(Scraped caption text data)
------------------------------------------------------------------------

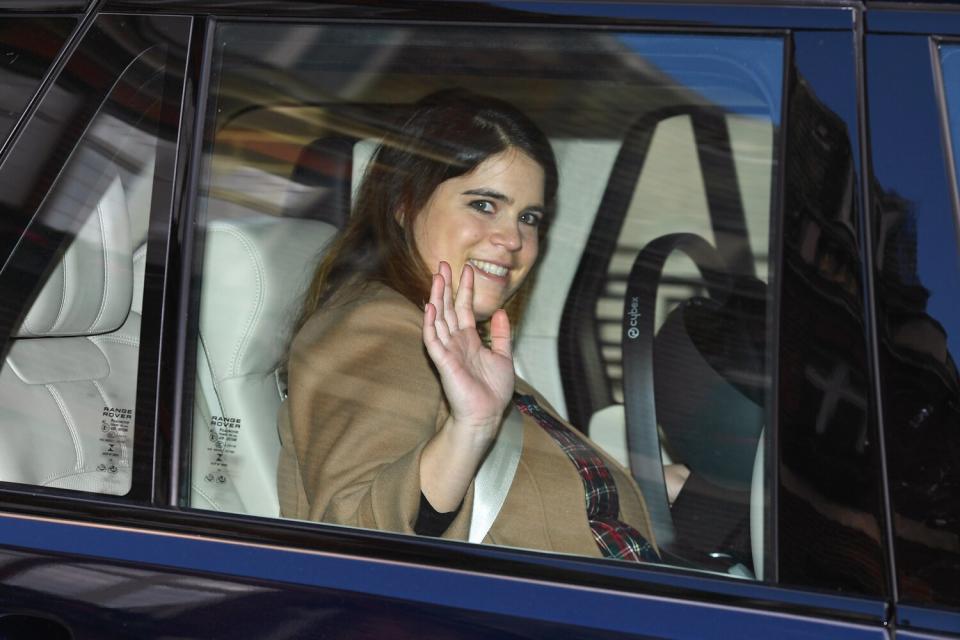 Princess Eugenie leaving Portland Hospital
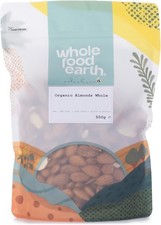 Wholefood Earth Organic Almonds Whole – 500g | Raw | GMO Free | Vegan | High 
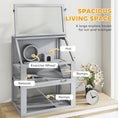 Load image into Gallery viewer, Wooden Hamster Cage, 3 Tier Gerbil Cage with Detachable 32cm Deep Bottom, Hut, Seesaw, Exercise Wheel, Ramps, Light Grey
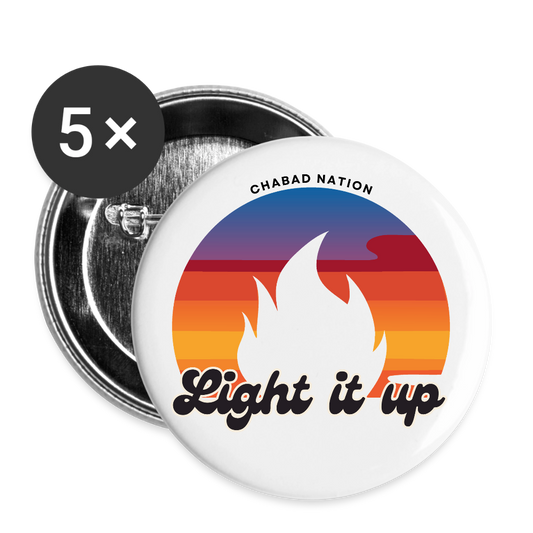 Light It Up Buttons large 2.2'' (5-pack) - white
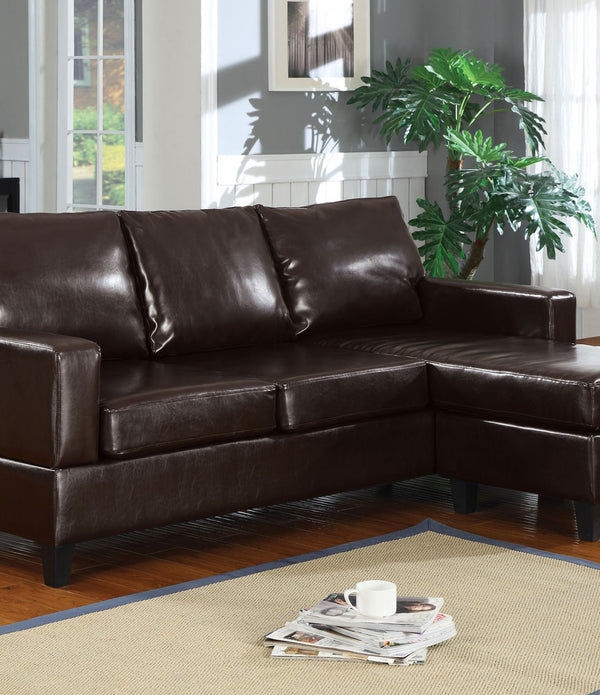 Sectional Sofa (Reversible Chaise), Espresso Bonded Leather - Bonded Leather, Frame:Ha Espresso BL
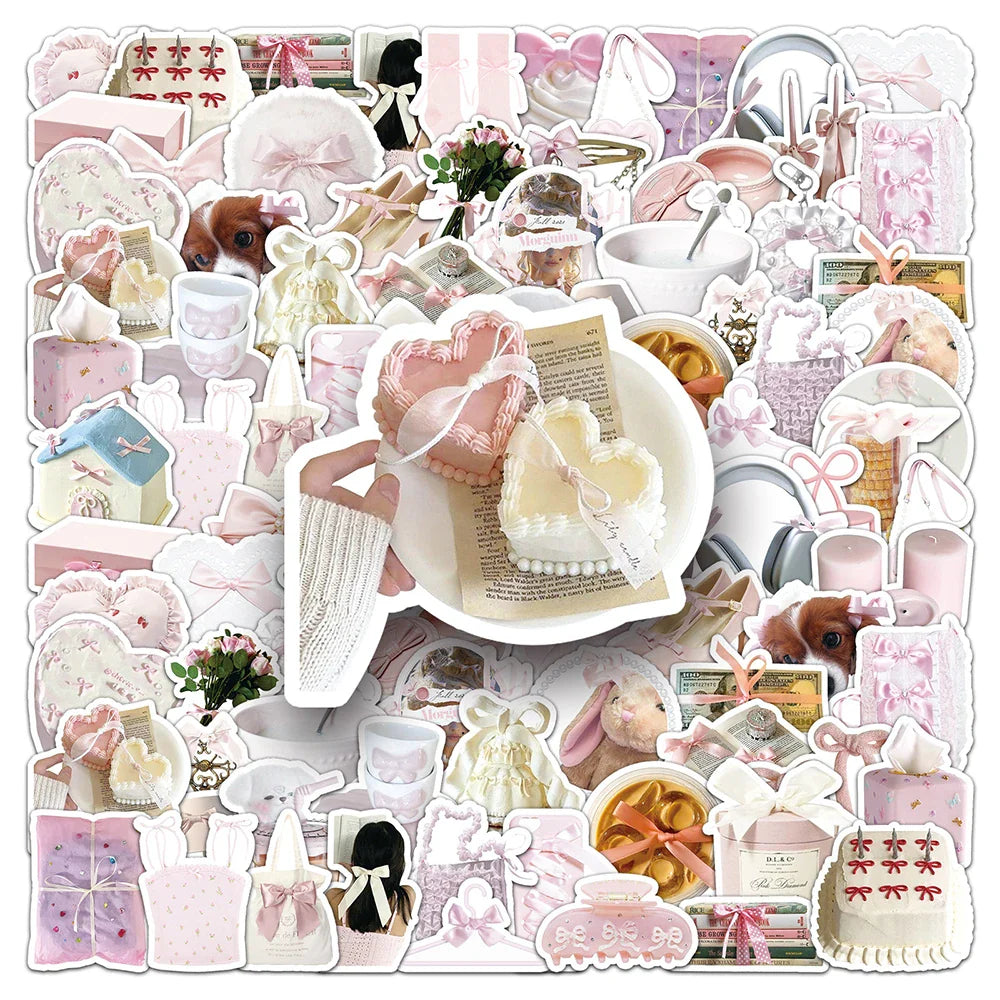 Cute Bow Pink Cartoon Stickers Pack - Laptop Phone Skateboard DIY Decals (ONLINE ORDER ONLY)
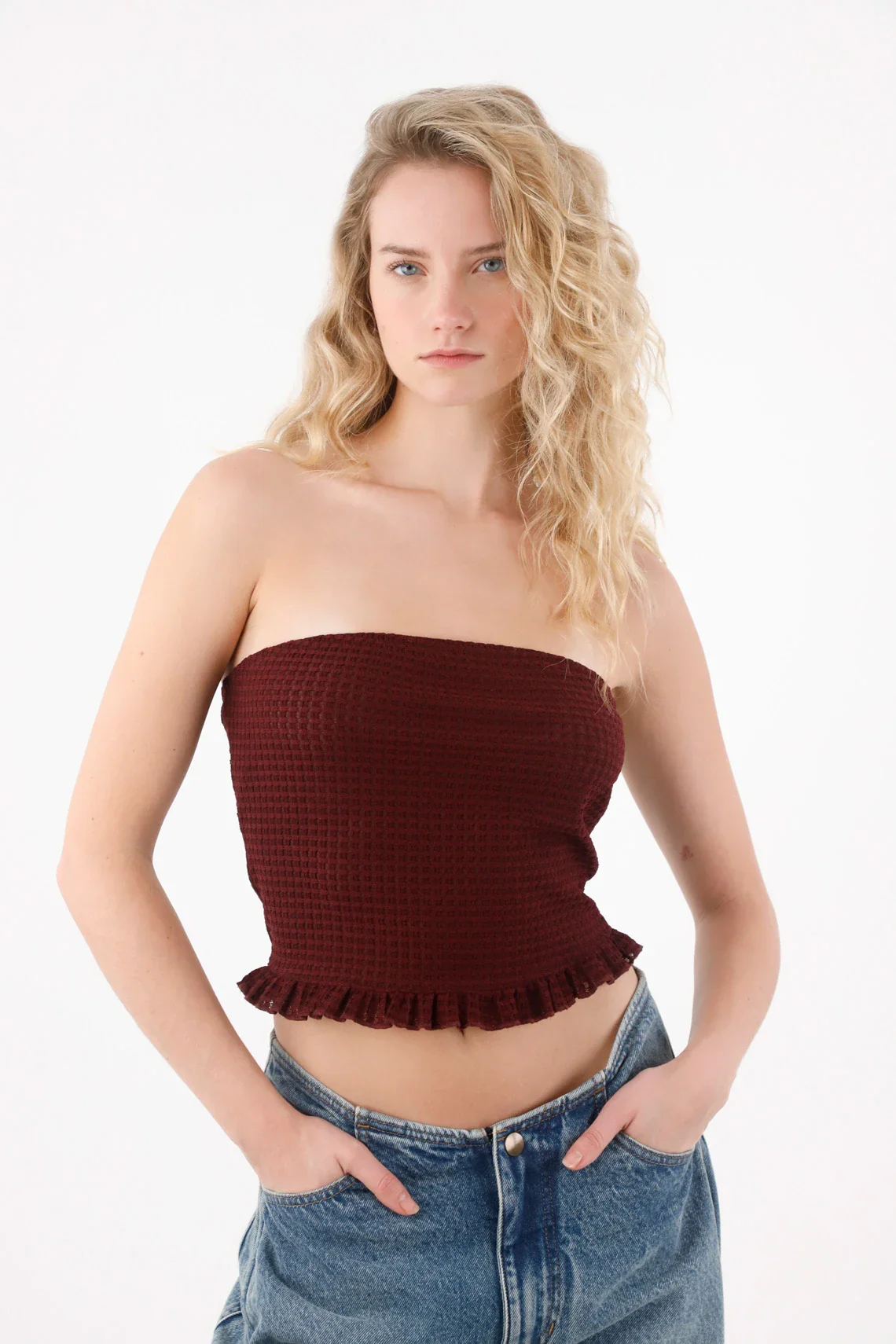 Burgundy Strapless T-Shirt for Women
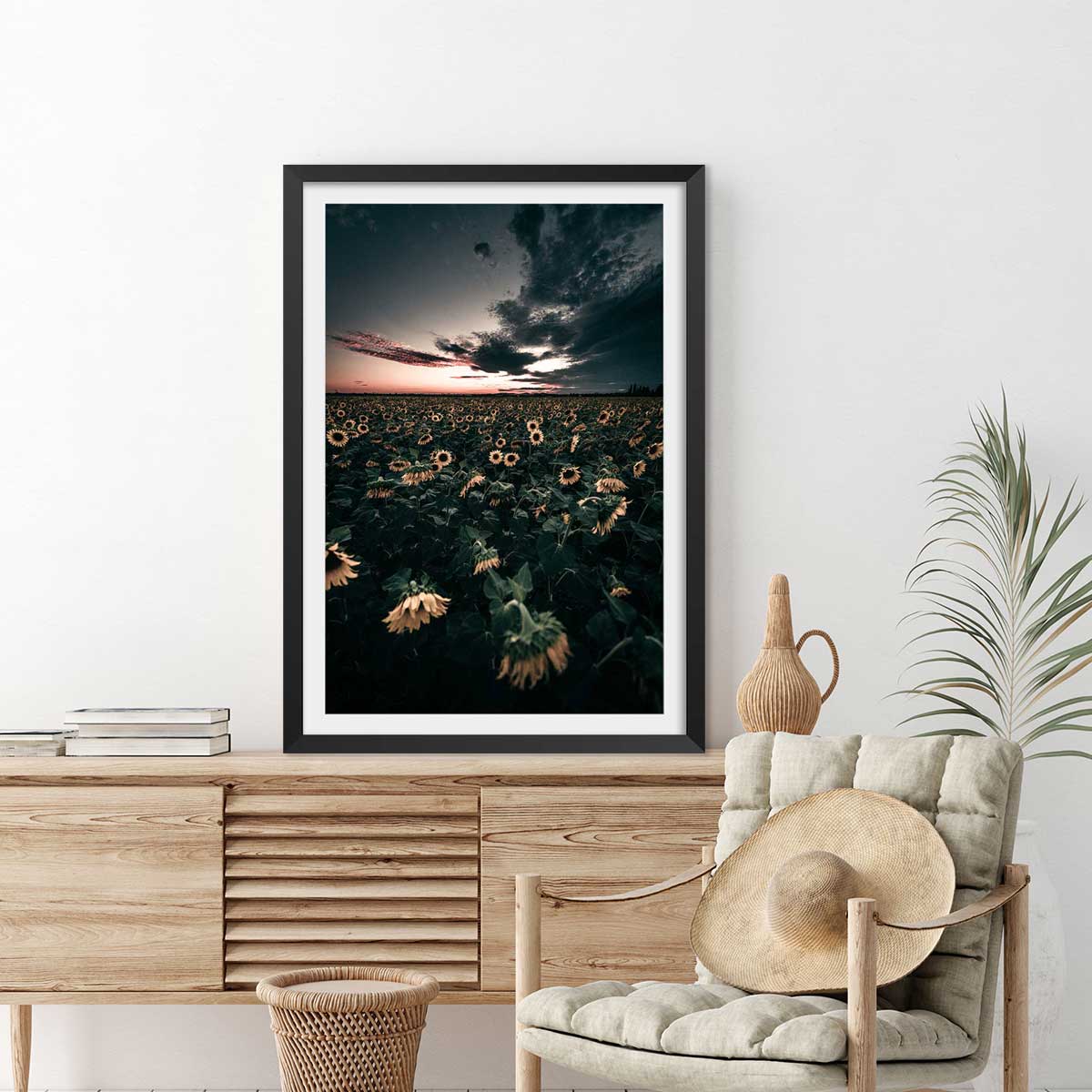 Affiche fleurs wake up sunflowers! affiche + cadre en bois - noir, HEXOA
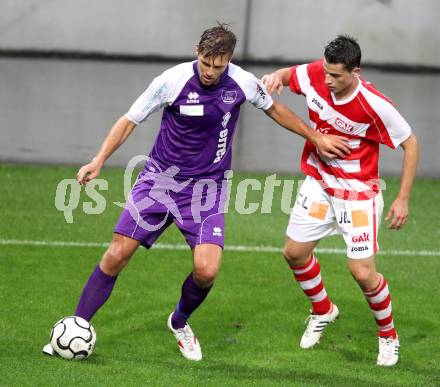 Fussball Regionalliga. SK Austria Klagenfurt gegen GAK. Boris Huettenbrenner,  (Klagenfurt), Mario Pranjic (GAK). Klagenfurt, 1.9.2012.
Foto: kuess
---
pressefotos, pressefotografie, kuess, qs, qspictures, sport, bild, bilder, bilddatenbank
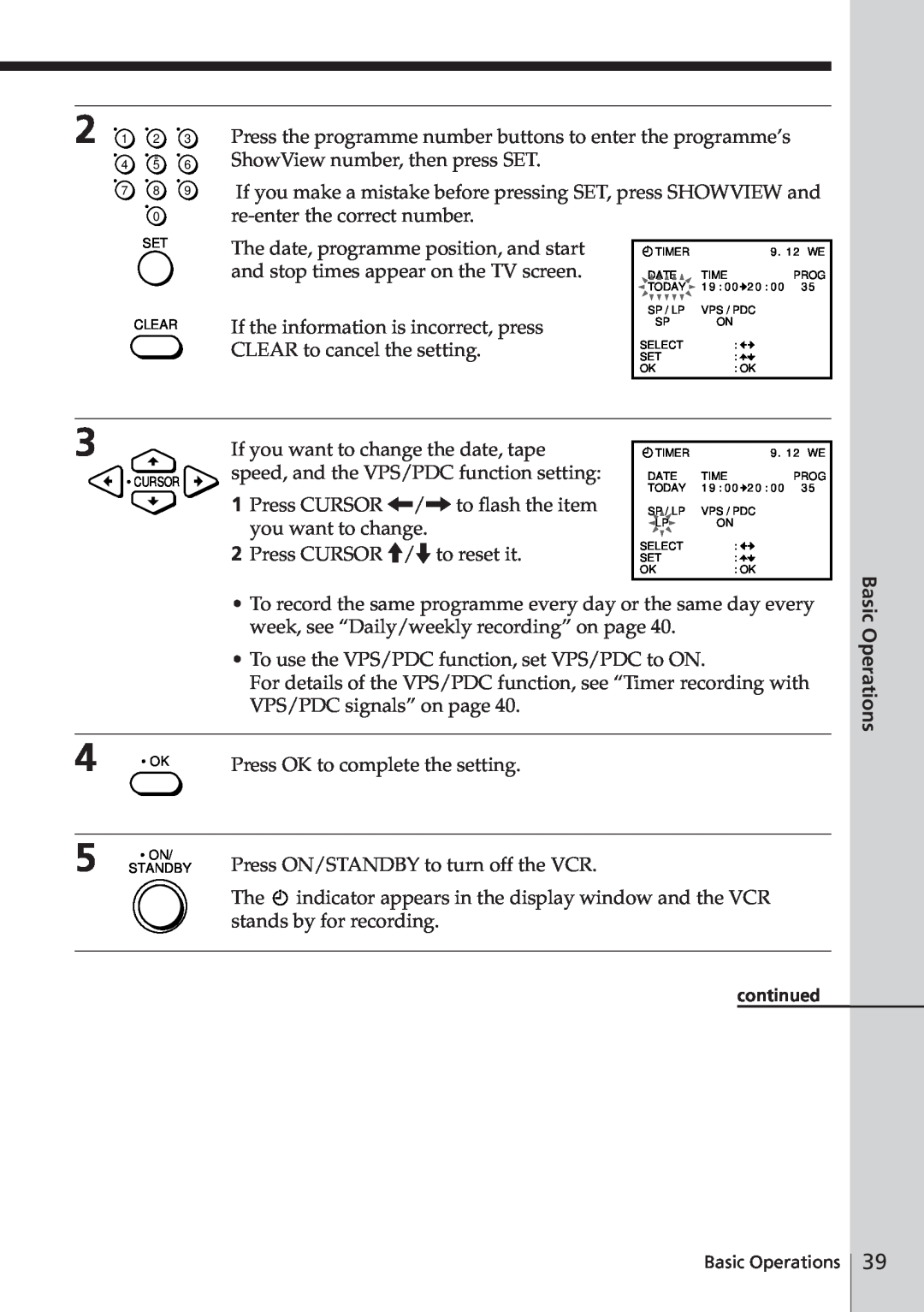 Sony SLV-E580EG manual If the information is incorrect, press CLEAR to cancel the setting, Basic Operations 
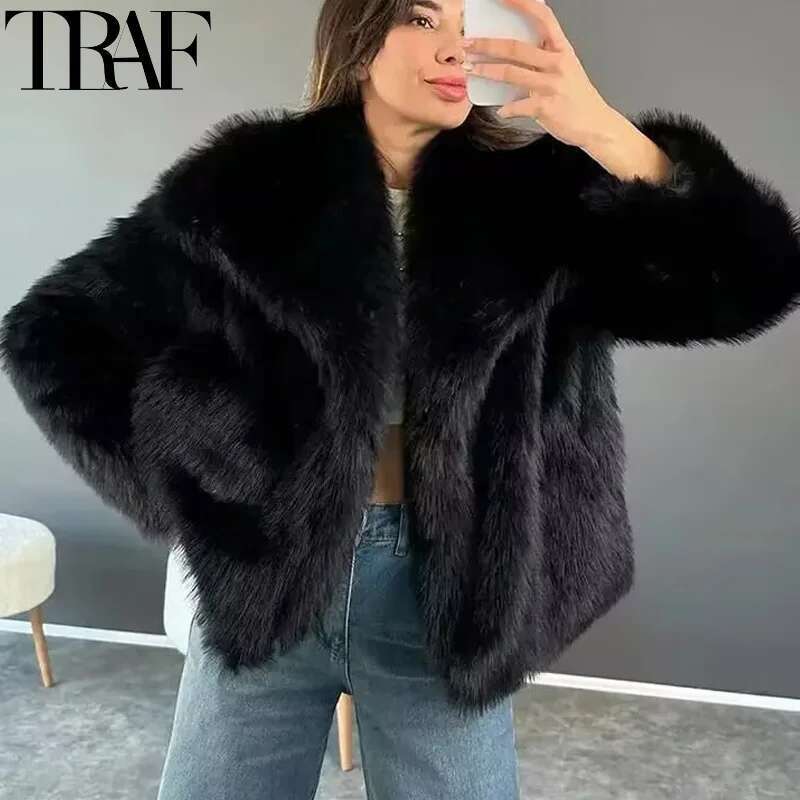TRAF Winter Faux 2024 Woman New in coats Autumn Plush Fluffy Jacket Warm Red Gray Black White Fur Coat Outerwears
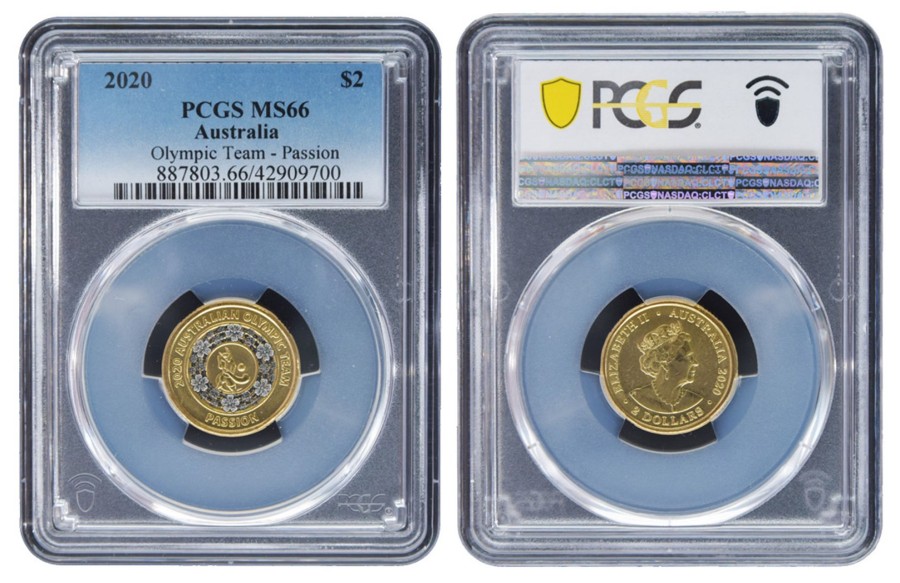 Pcgs Royal Australian Mint | 2020 $2 Tokyo Olympics - Passion Pcgs Ms66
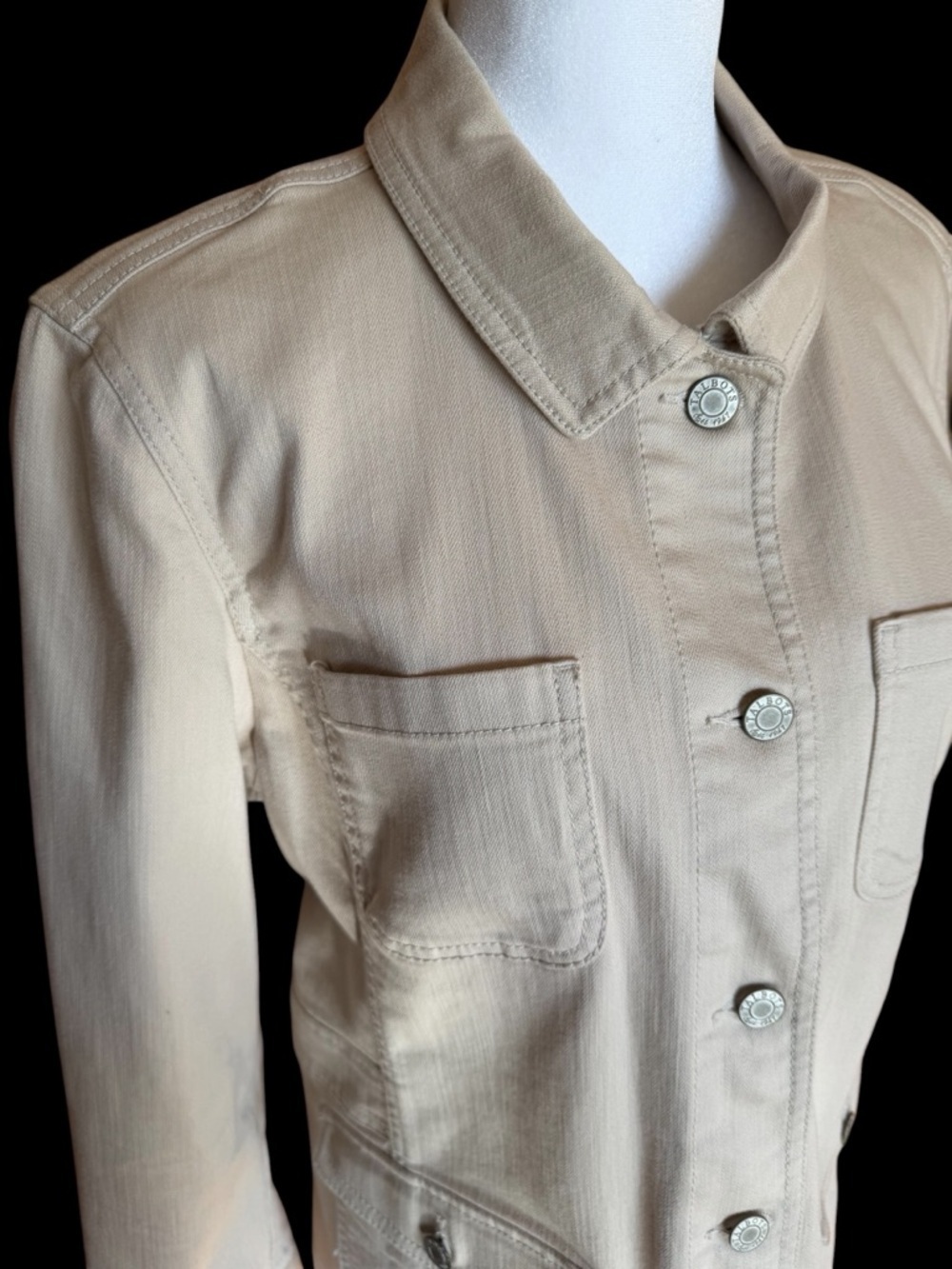 Talbots Petite Light Beige Jean Jacket with Front Buttons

------------------------------------------------------------------------

# YOUR TASK
Please output all of the data exactly as given, omitting any images it holds.

# EXERCISE OUTPUT
 Princess Eugenie leaving Portland Hospital
 Wholefood Earth Organic Almonds Whole – 500g | Raw | GMO Free | Vegan | High 
 Load image into Gallery viewer, Wooden Hamster Cage, 3 Tier Gerbil Cage with Detachable 32cm Deep Bottom, Hut, Seesaw, Exercise Wheel, Ramps, Light Grey
 Light It Up Buttons large 2.2'' (5-pack) - white
 Sectional Sofa (Reversible Chaise), Espresso Bonded Leather - Bonded Leather, Frame:Ha Espresso BL
 Cute Bow Pink Cartoon Stickers Pack - Laptop Phone Skateboard DIY Decals (ONLINE ORDER ONLY)
 Burgundy Strapless T-Shirt for Women
 Affiche fleurs wake up sunflowers! affiche + cadre en bois - noir, HEXOA
 Fussball Regionalliga. SK Austria Klagenfurt gegen GAK. Boris Huettenbrenner,  (Klagenfurt), Mario Pranjic (GAK). Klagenfurt, 1.9.2012.
Foto: kuess
---
pressefotos, pressefotografie, kuess, qs, qspictures, sport, bild, bilder, bilddatenbank
 Sony SLV-E580EG manual If the information is incorrect, press CLEAR to cancel the setting, Basic Operations 
TRAF Winter Faux 2024 Woman New in coats Autumn Plush Fluffy Jacket Warm Red Gray Black White Fur Coat Outerwears
 Pcgs Royal Australian Mint | 2020 $2 Tokyo Olympics - Passion Pcgs Ms66
 Talbots Petite Light Beige Jean Jacket with Front Buttons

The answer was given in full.